Let$s$ and$\mu$ denote the entropy and the diffusion potential, respectively. The constitutive relationships in the I-TDM coupling system can be derived from the internal energy density function in Eq. 18 as

${\sigma }_{ij}=\frac{\partial {\upsilon }_e}{\partial {\epsilon }_{ij}}=C_{ijkl}{\epsilon }_{kl}+E_{ij}T+S_{ij}C,$(25.a)

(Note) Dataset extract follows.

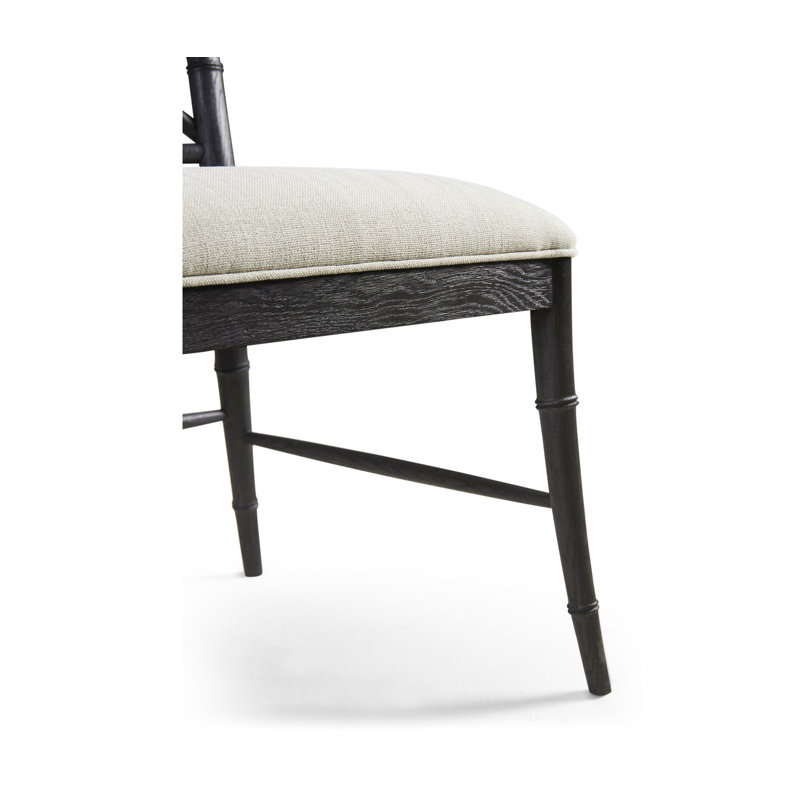 Saros Upholstered Dining Chair, Ebonized Black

$s=\frac{\partial {\upsilon }_e}{\partial T}=\tau {\lambda }_{k,k}-\tau {\lambda }_i\frac{{\alpha }_{ij,i}}{{\alpha }_{ij}},$(25.b)

$\mu =\frac{\partial {\upsilon }_e}{\partial C}=\tau D_{k,k}-\tau D_i\frac{{\beta }_{ij,i}}{{\beta }_{ij}},$(25.c)

where $E_{ij}=\left[\left(1+\tau \right){\lambda }_{k,k}+s\right]/{\epsilon }_{ij}$ and $S_{ij}=\left[\left(1+\tau \right)D_{k,k}+\mu \right]/{\epsilon }_{ij}$ are two tensor parameters.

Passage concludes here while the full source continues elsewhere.